En un momento especialmente significativo, la presidenta del partido guinda, Luisa María Alcalde Luján, anunció el pasado 4 de mayo durante el Consejo Nacional de Morena el retorno de este singular método de selección. Como en la pretérita contienda de 2024 —cuando el partido ungió a su abanderado presidencial bajo el eufemismo de “coordinador de los Comités de Defensa de la Cuarta Transformación”— ahora será Sonora la entidad que se sumerja en esta suerte de ritual partidista, entre pulsiones endógenas, vendettas políticas y proselitismo cuidadosamente ataviado.
Así, se reactiva el tablero: múltiples aspirantes —algunos egregios, otros apenas notorios— se alinean como parte de una caterva que, cual recua disciplinada, buscará proyectar su valía sin incurrir, al menos en teoría, en los excesos que ya forman parte del folklore político mexicano: nepotismo, influyentismo, actos anticipados de campaña. Todo ello, verbigracia de una narrativa que busca teñirse de pulcritud y legalismo, aunque no pocas veces exude un artificioso aroma de simulacro democrático.
Lo inusitado, aunque no sorprendente, es que el proceso vuelve a centrarse en figuras más que en proyectos. Las “corcholatas”, apelativo de resonancia lúdica pero contenido profundamente político, no son sino la encarnación de un modelo que privilegia la popularidad sobre la estructura, el marketing sobre la ideología. Una fórmula eficaz, sí, pero que comienza a mostrar signos de exacerbado desgaste, como una calicata política que apenas logra permear en el subsuelo de las ideas.

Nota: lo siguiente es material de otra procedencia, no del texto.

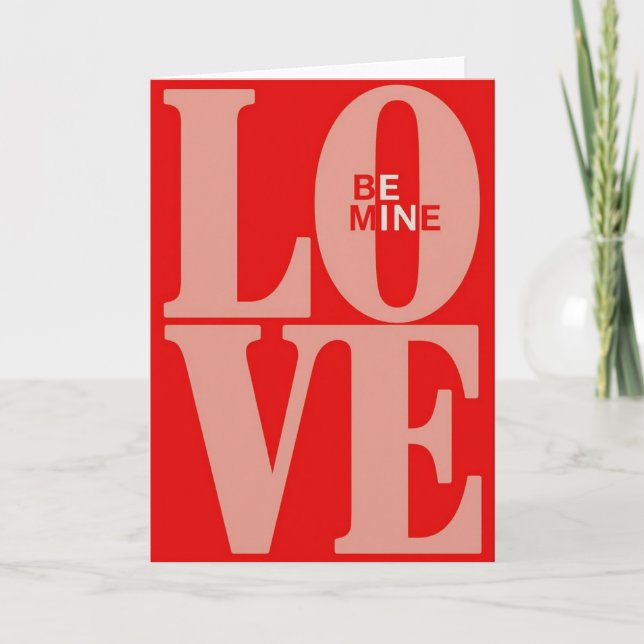 Romantic Love Be Mine Card (Front)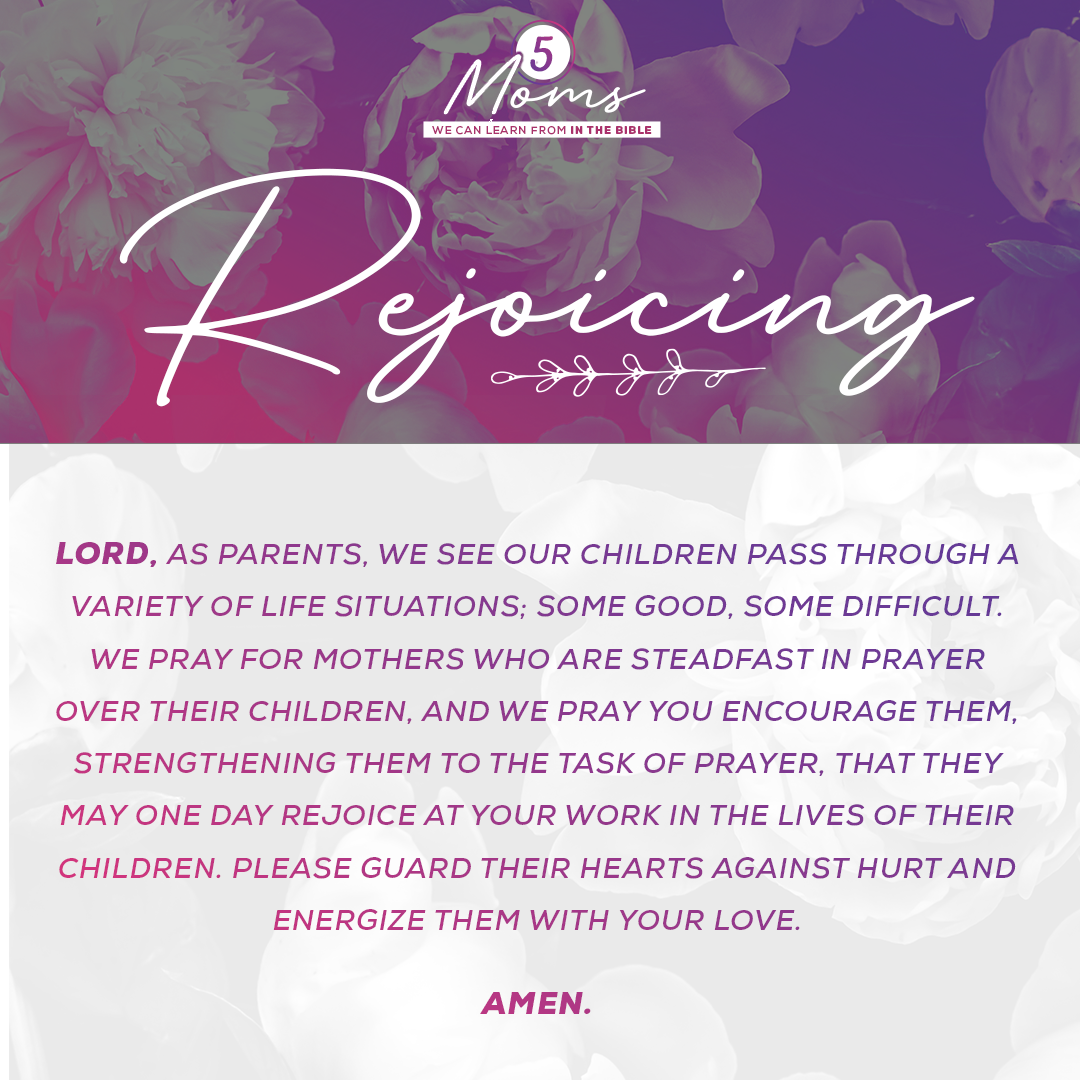 Rejoicing  Lord, as parents, we see our children pass through a variety of life situations; some good, some difficult. We pray for mothers who are steadfast in prayer over their children, and we pray You encourage them, strengthening them to the task of prayer, that they may one day rejoice at Your work in the lives of their children. Please guard their hearts against hurt and energize them with Your love. Amen. 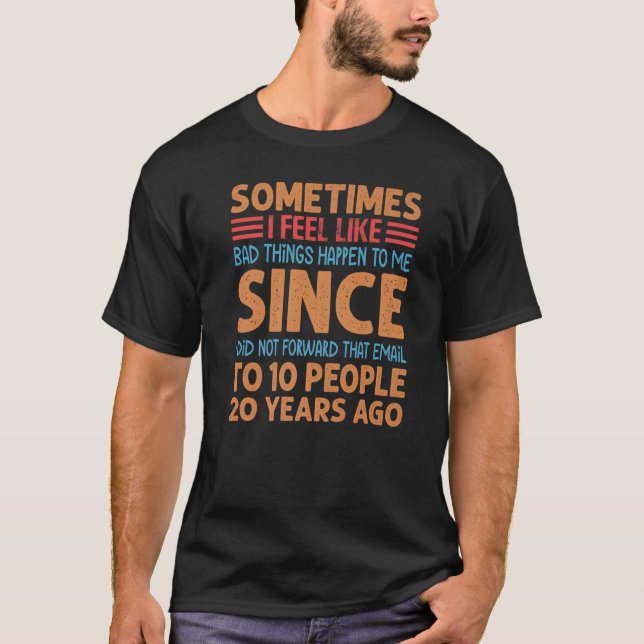 Sometimes I Feel Like Bad Things Happen To Me T-Shirt (Vorderseite)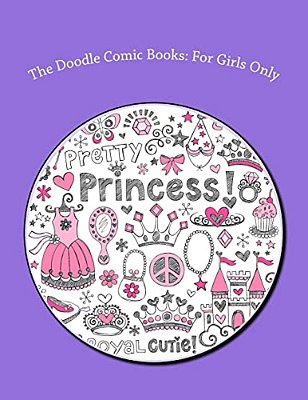The Doodle Comic Books: For Girls Only-..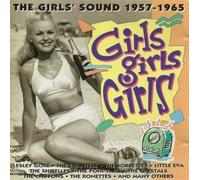 Girls Girls Girls - the Girls Sound 1957-1965 - Bobbettes, Chantels, Poni-Tails, Carole King, Jaynetts..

Del otro lado del espectro, Antonio Astiazarán —quien funge como virtual candidato de la oposición— observa desde su atalaya estratégica. Oriundo del mismo suelo sonorense, Astiazarán no desconoce la idiosincrasia de su grey política, y prepara una contraofensiva que podría tornarse álgida si logra articular un frente sólido, más allá de las rencillas intestinas que carcomen al bloque opositor. Morena, por su parte, sabe que el verdadero adversario no está afuera, sino adentro: en los corrillos, en los desacuerdos soterrados, en la animadversión que puede inflamar las bases si perciben una imposición disfrazada de consenso.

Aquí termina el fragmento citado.